Copy out each line below verbatim, skipping any picture.

--- GIVEN MATERIAL ---
=-=-=

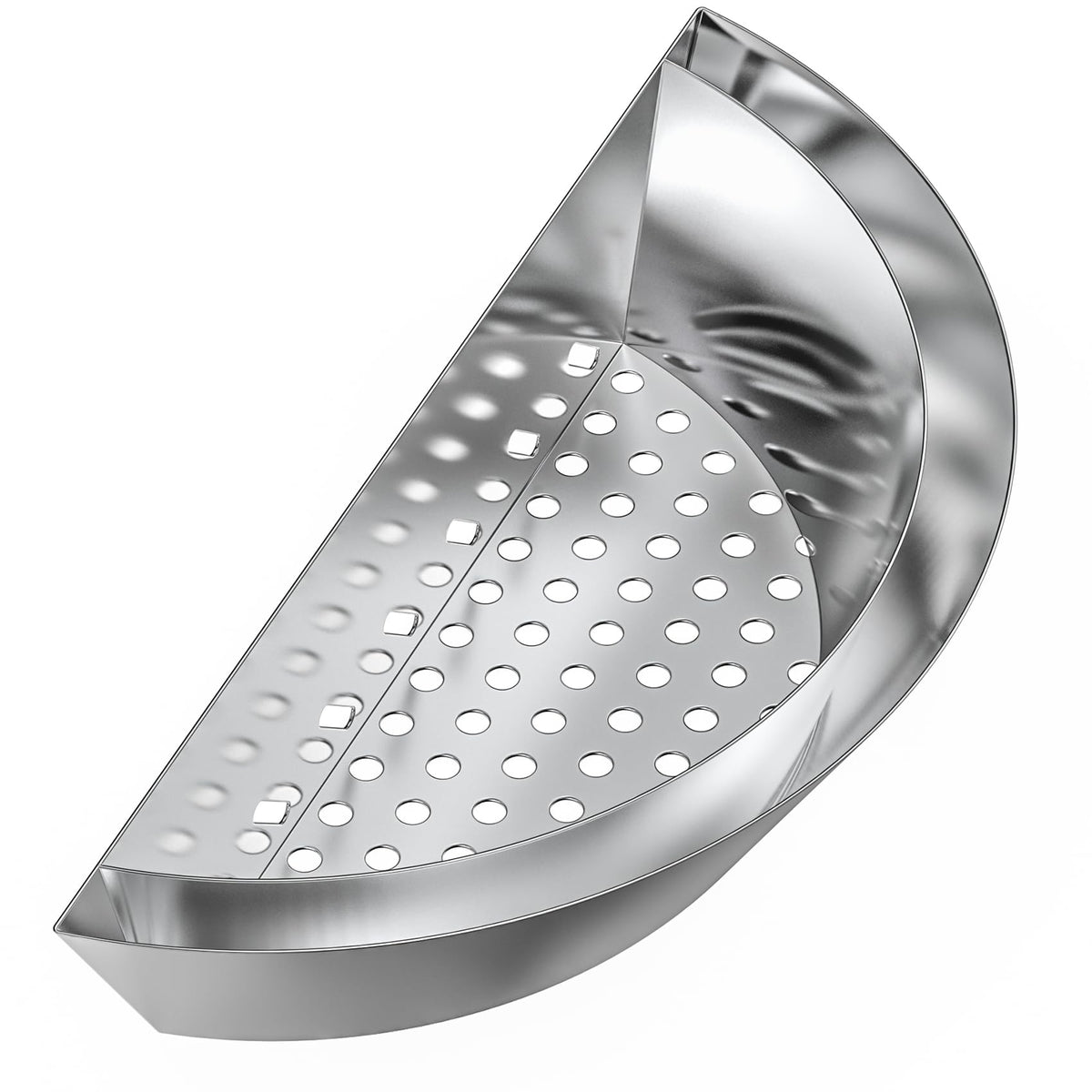 onlyfire front view of half moon basket showing shape and fit benefit durable design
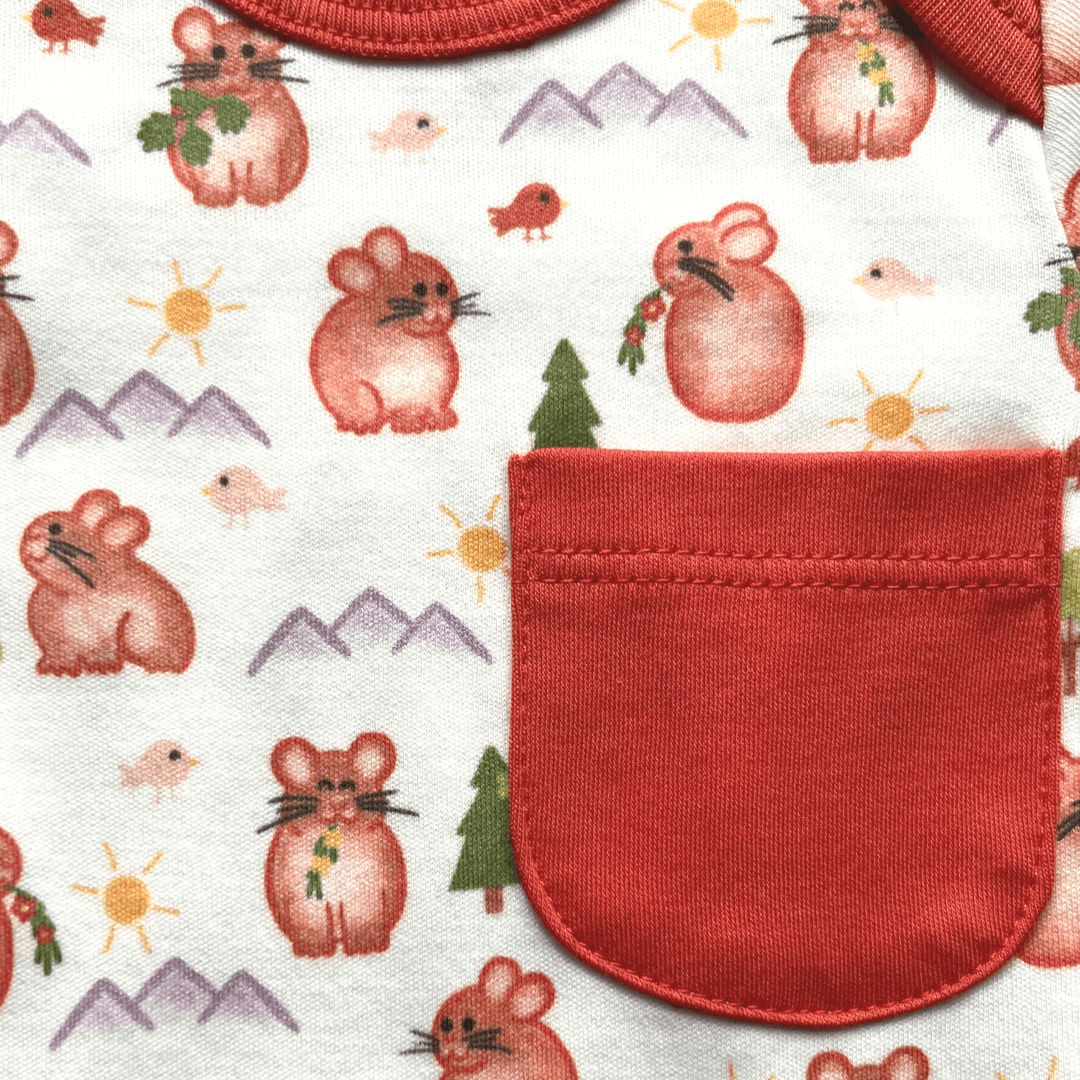 Pika Set | Organic Pima Cotton - Tenth & Pine - Winter Outfits - 0 - 3M - Kolorful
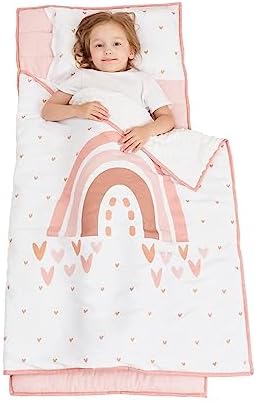 Extra Large Toddler Nap mat by Cokouchyi, Toddler Sleeping Bag with Removable Pillow, Measures 53 x 21 x 1.5 Inches, Sleeping Mat, Ideal for Daycare and Preschool Kindergarten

=-=-=

--- EXERCISE OUTPUT ---
 onlyfire front view of half moon basket showing shape and fit benefit durable design
 Pika Set | Organic Pima Cotton - Tenth & Pine - Winter Outfits - 0 - 3M - Kolorful
 Extra Large Toddler Nap mat by Cokouchyi, Toddler Sleeping Bag with Removable Pillow, Measures 53 x 21 x 1.5 Inches, Sleeping Mat, Ideal for Daycare and Preschool Kindergarten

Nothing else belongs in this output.